* **What to produce**
Your answer must restate each entry below word for word, with no pictures in it.

* **Exercise inputs**

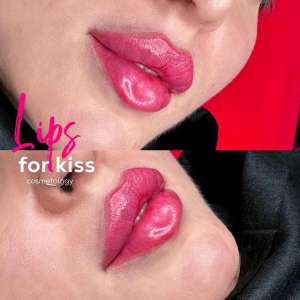 ���������� ���, ��������� ����� ������ ������� - ����������� 1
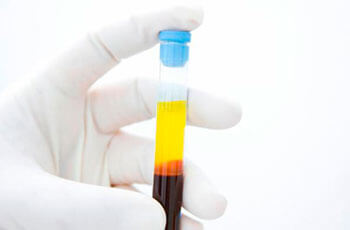 Plasma-rich-in-factors-of-growth
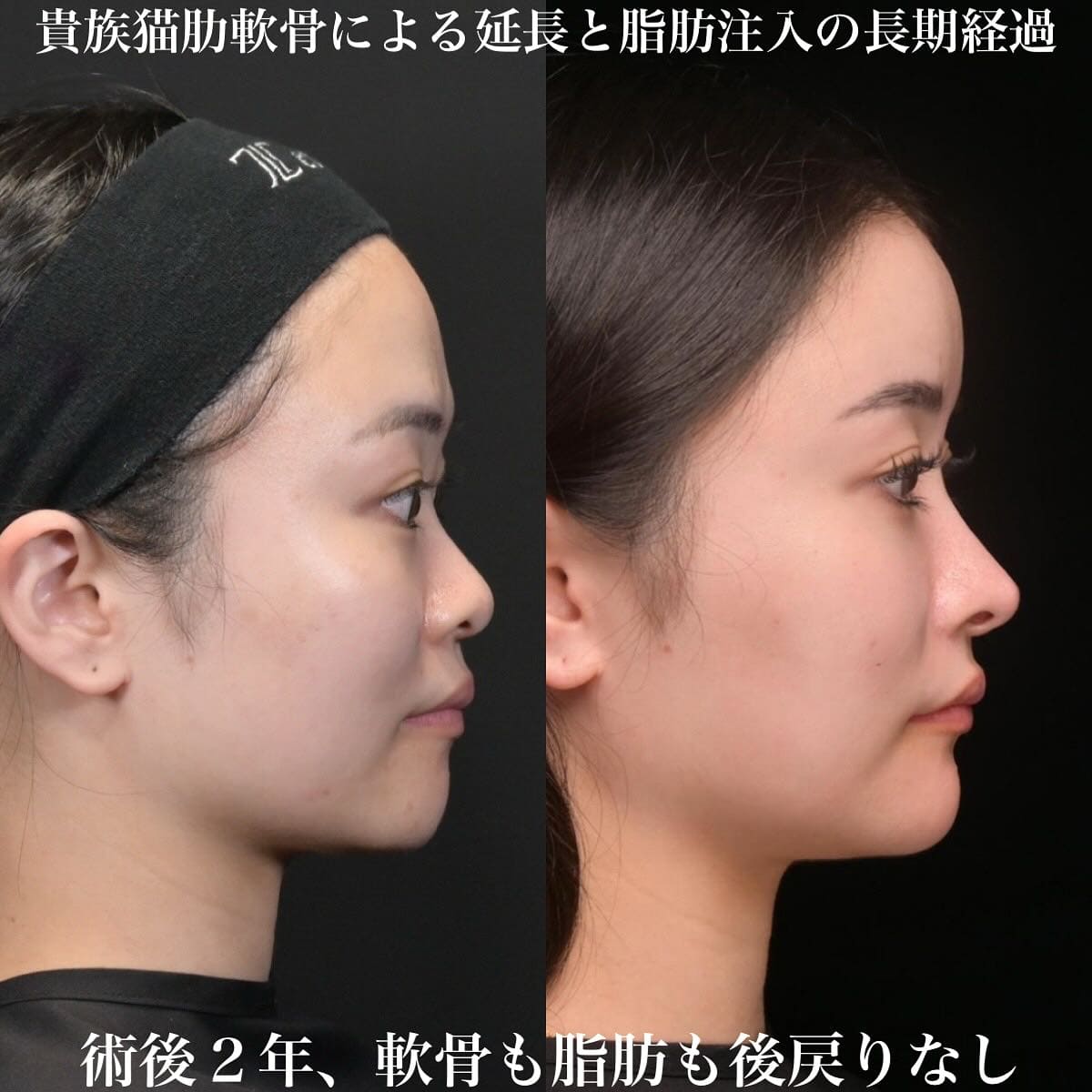 鉄医師による鼻整形の術前/術後2年 Sau 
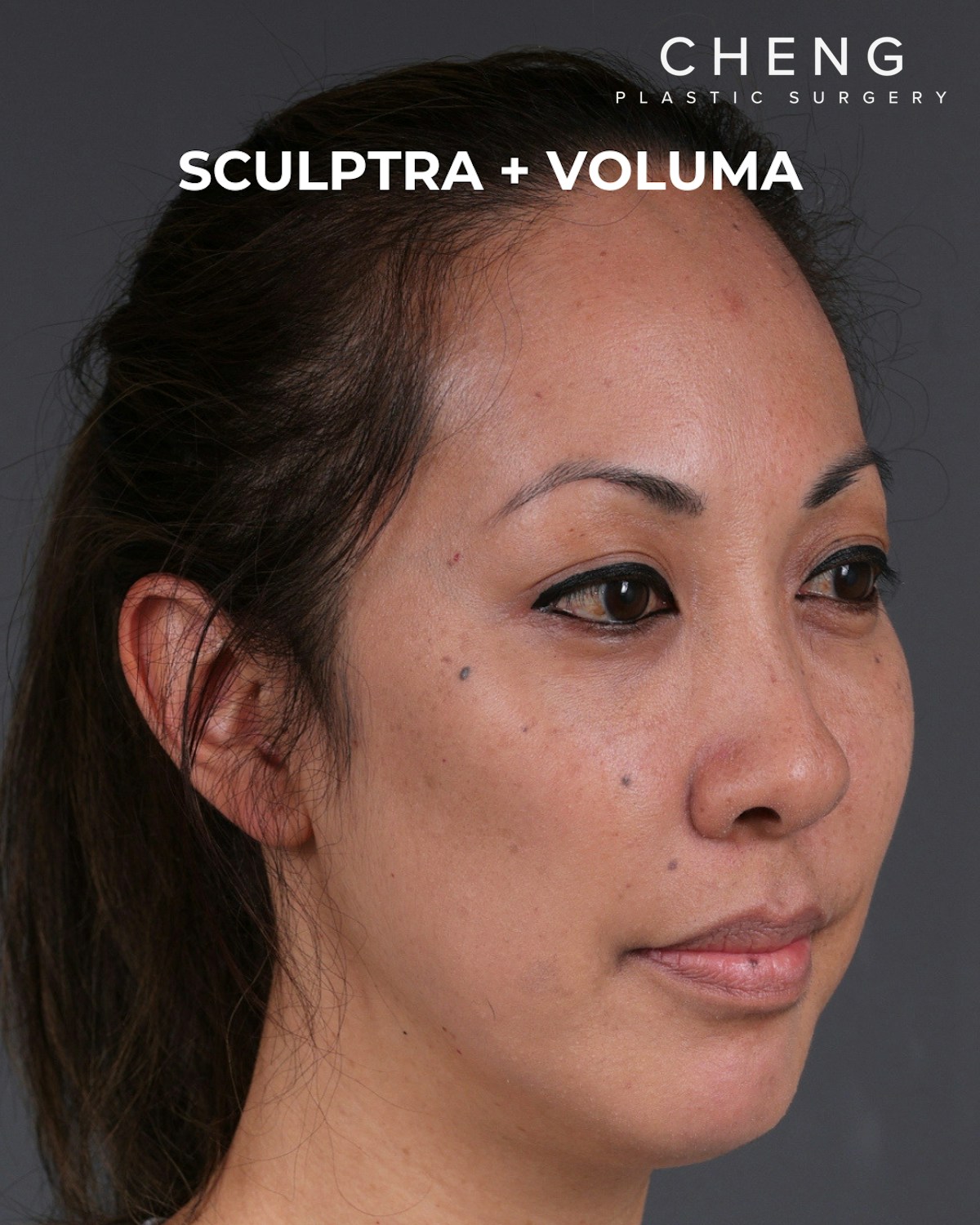Dermal Fillers Before & After Gallery - Patient 172558 - Image 4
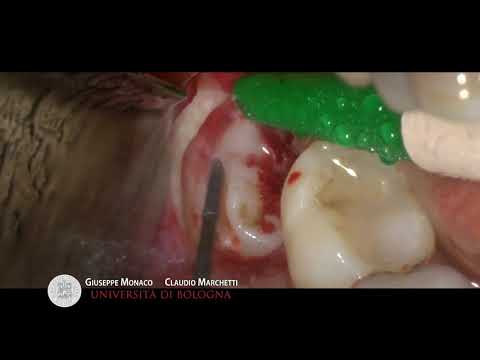 Video: Coronectomy: Kapan Itu Pilihan Terbaik Dan Mengapa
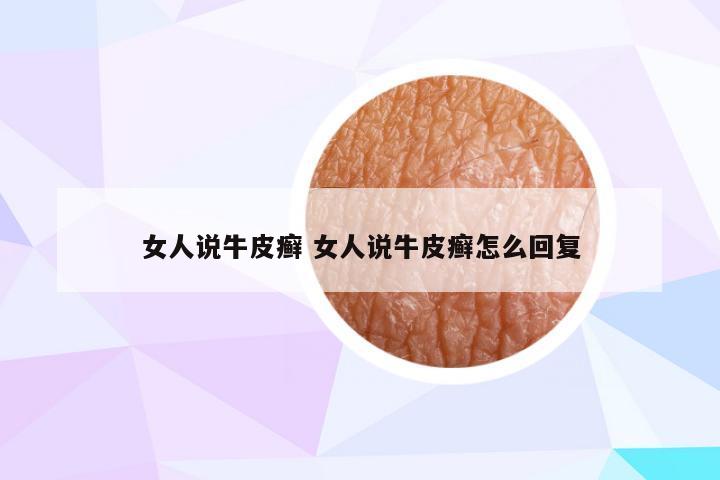 女人说牛皮癣 女人说牛皮癣怎么回复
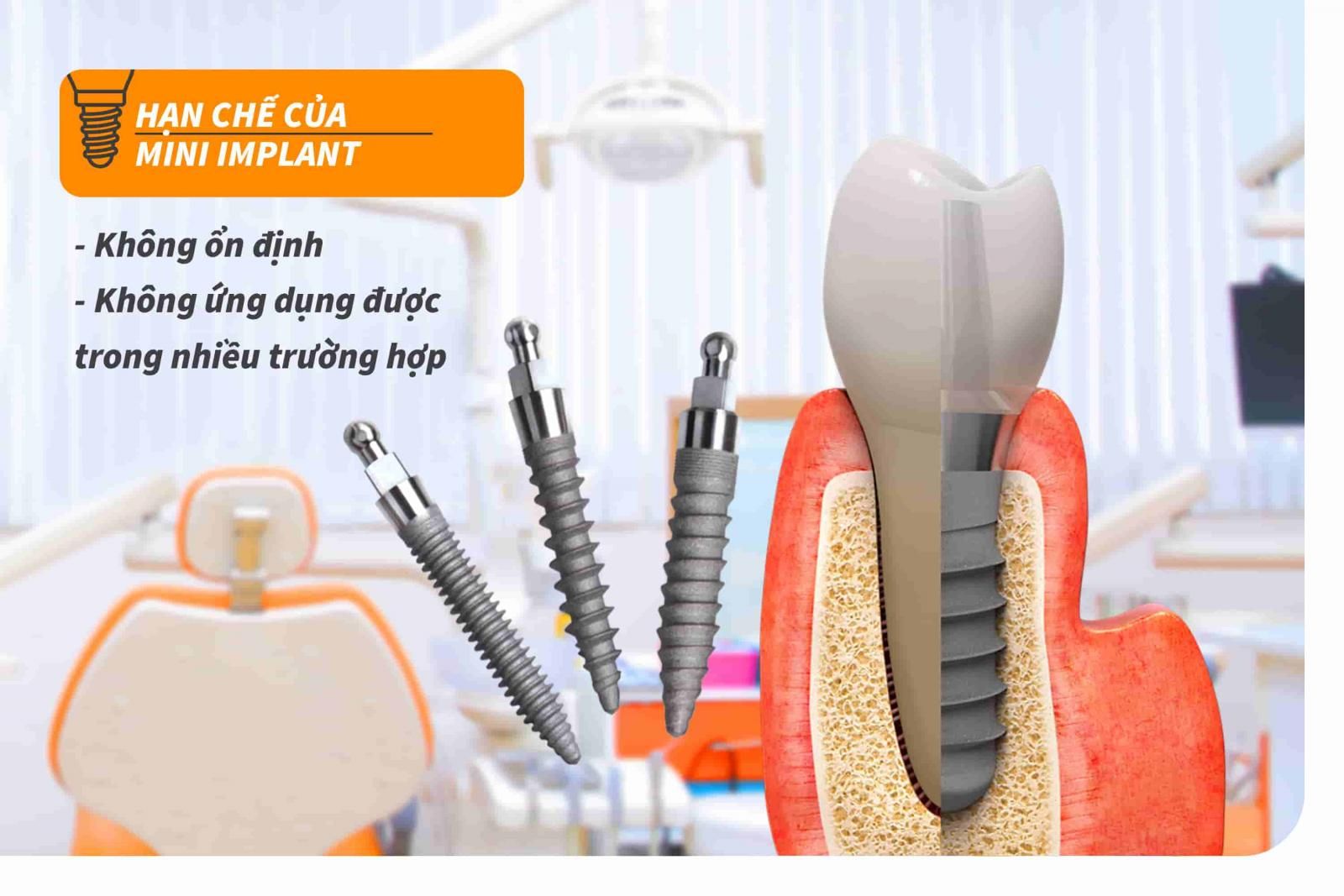 Hạn chế của mini Implant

* **Finished task**
 ���������� ���, ��������� ����� ������ ������� - ����������� 1
 Plasma-rich-in-factors-of-growth
 鉄医師による鼻整形の術前/術後2年 Sau 
Dermal Fillers Before & After Gallery - Patient 172558 - Image 4
 Video: Coronectomy: Kapan Itu Pilihan Terbaik Dan Mengapa
 女人说牛皮癣 女人说牛皮癣怎么回复
 Hạn chế của mini Implant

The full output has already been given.